New York commutes tend to be too long for a workday split into two shifts. But in the summer, the workday could easily start and finish earlier. An ideal situation, in my view, would have New Yorkers wake up in the cool of the early morning, get to work by 7 a.m., and leave by one in the afternoon — adding up to a six-hour summer workday that could be compensated for by longer hours in the cooler months. A proposal for such a dramatic seasonal shift would be a big challenge to enact, but no larger than the way work from home has already altered workers’ schedules.

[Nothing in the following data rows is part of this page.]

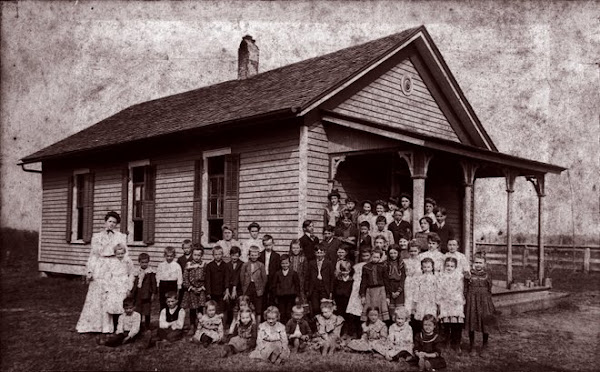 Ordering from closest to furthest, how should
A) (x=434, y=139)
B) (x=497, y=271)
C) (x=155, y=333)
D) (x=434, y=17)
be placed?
1. (x=155, y=333)
2. (x=434, y=139)
3. (x=434, y=17)
4. (x=497, y=271)

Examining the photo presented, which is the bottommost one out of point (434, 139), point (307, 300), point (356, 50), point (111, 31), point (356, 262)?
point (307, 300)

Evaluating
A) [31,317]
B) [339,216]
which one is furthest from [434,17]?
[31,317]

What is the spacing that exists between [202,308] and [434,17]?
8696 mm

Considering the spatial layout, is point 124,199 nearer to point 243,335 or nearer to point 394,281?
point 243,335

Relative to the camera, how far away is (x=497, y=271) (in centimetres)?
2059

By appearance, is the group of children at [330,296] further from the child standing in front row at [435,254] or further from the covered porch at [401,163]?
the covered porch at [401,163]

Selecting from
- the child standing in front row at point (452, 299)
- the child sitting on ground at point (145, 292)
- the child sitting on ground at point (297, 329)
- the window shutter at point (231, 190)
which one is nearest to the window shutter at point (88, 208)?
the window shutter at point (231, 190)

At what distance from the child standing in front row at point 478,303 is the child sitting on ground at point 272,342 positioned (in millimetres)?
2564

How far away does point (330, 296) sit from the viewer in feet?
27.0

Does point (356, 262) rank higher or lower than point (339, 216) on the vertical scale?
lower

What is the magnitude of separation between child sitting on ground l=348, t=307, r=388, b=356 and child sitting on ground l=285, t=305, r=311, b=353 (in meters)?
0.63

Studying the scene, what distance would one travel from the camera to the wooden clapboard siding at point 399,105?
1212 centimetres

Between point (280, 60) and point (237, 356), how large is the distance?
600 inches

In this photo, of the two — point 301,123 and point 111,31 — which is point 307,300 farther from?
point 111,31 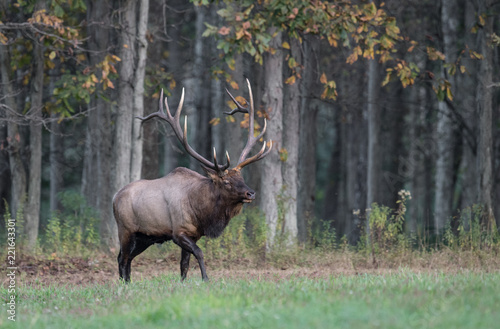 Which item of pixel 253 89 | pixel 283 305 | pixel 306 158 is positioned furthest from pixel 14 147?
pixel 283 305

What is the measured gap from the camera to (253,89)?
20.5 m

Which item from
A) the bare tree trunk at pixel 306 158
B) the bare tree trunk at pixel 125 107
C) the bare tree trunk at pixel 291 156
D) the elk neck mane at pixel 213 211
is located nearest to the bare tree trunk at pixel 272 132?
the bare tree trunk at pixel 291 156

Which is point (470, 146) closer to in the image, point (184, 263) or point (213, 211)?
point (213, 211)

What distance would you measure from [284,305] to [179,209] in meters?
4.16


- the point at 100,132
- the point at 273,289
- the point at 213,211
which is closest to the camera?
the point at 273,289

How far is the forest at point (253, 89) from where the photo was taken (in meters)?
15.0

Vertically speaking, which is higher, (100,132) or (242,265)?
(100,132)

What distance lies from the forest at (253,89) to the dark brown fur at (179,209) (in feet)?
10.7

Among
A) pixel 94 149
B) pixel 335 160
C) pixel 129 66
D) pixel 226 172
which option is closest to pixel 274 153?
pixel 129 66

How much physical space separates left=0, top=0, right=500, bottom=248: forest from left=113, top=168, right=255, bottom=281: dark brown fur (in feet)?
10.7

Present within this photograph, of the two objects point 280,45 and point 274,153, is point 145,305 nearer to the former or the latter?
point 274,153

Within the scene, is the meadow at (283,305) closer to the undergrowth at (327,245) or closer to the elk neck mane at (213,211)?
the elk neck mane at (213,211)

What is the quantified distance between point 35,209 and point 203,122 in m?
11.4

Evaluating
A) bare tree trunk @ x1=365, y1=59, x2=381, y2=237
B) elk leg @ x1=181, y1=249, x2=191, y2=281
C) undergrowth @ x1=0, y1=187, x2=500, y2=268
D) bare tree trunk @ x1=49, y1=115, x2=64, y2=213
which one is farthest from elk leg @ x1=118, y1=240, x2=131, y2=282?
bare tree trunk @ x1=49, y1=115, x2=64, y2=213
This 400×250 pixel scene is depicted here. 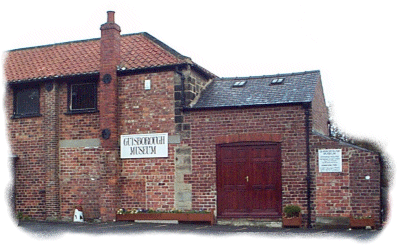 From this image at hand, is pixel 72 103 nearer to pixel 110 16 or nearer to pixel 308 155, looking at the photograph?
pixel 110 16

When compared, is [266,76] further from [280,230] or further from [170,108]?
[280,230]

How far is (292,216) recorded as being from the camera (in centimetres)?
1462

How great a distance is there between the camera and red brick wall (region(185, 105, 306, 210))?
49.0ft

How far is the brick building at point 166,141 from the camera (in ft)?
48.5

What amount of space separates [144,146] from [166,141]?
0.81 m

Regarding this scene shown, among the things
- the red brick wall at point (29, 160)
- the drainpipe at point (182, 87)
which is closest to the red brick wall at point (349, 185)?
the drainpipe at point (182, 87)

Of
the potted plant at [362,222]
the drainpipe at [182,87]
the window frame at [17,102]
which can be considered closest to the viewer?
the potted plant at [362,222]

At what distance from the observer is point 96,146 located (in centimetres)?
1722

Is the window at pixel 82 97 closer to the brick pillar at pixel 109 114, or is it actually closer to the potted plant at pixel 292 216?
the brick pillar at pixel 109 114

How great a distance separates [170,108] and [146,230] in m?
4.31

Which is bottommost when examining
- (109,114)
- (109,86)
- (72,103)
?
(109,114)

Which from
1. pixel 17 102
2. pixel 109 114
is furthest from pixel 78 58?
pixel 109 114

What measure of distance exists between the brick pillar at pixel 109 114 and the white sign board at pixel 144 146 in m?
0.34

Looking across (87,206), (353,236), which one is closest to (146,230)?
(87,206) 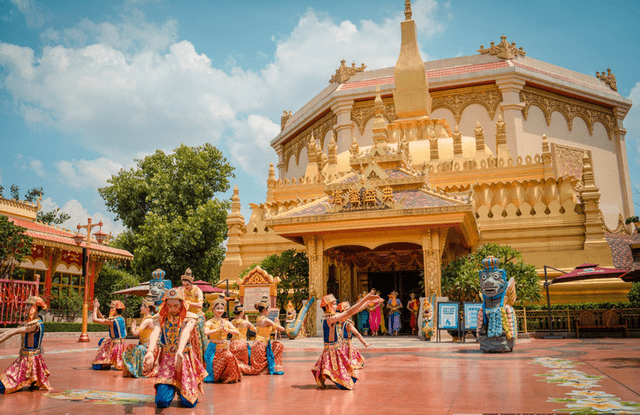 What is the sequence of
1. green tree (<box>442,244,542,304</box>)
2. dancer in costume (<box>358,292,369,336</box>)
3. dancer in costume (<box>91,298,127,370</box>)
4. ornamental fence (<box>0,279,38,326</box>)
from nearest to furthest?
dancer in costume (<box>91,298,127,370</box>)
green tree (<box>442,244,542,304</box>)
ornamental fence (<box>0,279,38,326</box>)
dancer in costume (<box>358,292,369,336</box>)

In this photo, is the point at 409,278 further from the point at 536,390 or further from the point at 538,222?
the point at 536,390

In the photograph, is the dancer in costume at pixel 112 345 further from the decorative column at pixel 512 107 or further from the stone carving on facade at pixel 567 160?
the stone carving on facade at pixel 567 160

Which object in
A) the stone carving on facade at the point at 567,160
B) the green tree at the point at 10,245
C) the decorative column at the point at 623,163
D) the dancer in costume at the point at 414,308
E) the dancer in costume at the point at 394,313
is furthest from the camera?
the decorative column at the point at 623,163

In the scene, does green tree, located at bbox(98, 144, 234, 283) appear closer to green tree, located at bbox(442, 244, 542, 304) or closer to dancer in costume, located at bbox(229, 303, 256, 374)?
green tree, located at bbox(442, 244, 542, 304)

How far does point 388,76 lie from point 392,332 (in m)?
23.3

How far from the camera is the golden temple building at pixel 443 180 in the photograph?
1609 centimetres

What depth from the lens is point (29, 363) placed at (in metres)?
6.89

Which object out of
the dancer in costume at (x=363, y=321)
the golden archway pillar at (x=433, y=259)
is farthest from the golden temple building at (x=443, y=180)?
the dancer in costume at (x=363, y=321)

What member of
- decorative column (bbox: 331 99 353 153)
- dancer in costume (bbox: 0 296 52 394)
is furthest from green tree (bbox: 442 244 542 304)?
decorative column (bbox: 331 99 353 153)

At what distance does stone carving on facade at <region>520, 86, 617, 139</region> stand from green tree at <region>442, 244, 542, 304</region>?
19.8m

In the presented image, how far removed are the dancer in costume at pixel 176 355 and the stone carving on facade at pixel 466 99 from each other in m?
Answer: 31.0

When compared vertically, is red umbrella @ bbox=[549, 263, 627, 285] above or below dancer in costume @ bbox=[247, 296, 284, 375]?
above

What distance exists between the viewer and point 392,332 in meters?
17.9

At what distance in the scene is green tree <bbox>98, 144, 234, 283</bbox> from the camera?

I’m old enough to remember New York before air conditioning. I recall the red eyes of morning subway riders who hadn’t slept the night before and were now jammed into a hot IRT car. I heard tales of people who slept on the fire escapes or roofs of apartment buildings. My parents told me that was common in their generation.
Now we get relief when the windows are sealed shut, surely a good thing overall. Alas, all the ACs whirring in windows or blowing cold air into our rooms from a central source account for a substantial share of the city’s energy use and greenhouse gas emissions. As we cool our homes, offices and vehicles, we make the outside air hotter still.
Are there other ways we might get some relief? Shade is a big help, but gone are the once-ubiquitous awnings that projected over storefronts, creating shaded gallerias on commercial streets. Only at cross streets did pedestrians have to squint in the sun. Small awnings once also hooded the windows of apartment houses. Gone also, in office buildings especially, are windows that can be opened. The city would do well to rediscover these low-tech sources of relief from heat and rely less on air conditioning.
Mayor Michael Bloomberg gave the city a great gift by directing that a million trees be planted on our streets. Some of these streets hadn’t known shade since the Lenape dwelled here. This arboreal renewal may be a more consequential legacy than any urban renewal project in the city’s history. Lines of trees shade miles of sidewalks that would otherwise cook in the sun.
If earlier and shorter summer hours were in effect, workers could sleep in the afternoon and enliven the city at night. Or they might pass their afternoons in or alongside water — the greatest cooler of all. The city has plenty of it.
The Central Park Reservoir (no longer used to store drinking water) could be converted into a very big swimming pool. Access would be only on foot. There would be no reduction in parkland; changing rooms could be built over the water. And not only are the beaches at Coney Island and the Rockaways within city boundaries, but so are the Hudson and East Rivers. Those rivers once held cribs for swimmers and could again. Waterside recreation shouldn’t require trips upstate or to Long Island.
We seem to have forgotten that the digital revolution was supposed to allow people more leisure. And what better time for that leisure than summer? Swimming in the reservoir and in a cleaner East River are not impossible goals. Parisians are now swimming in the Seine because the government devoted resources to cleaning it up. How about it, New York?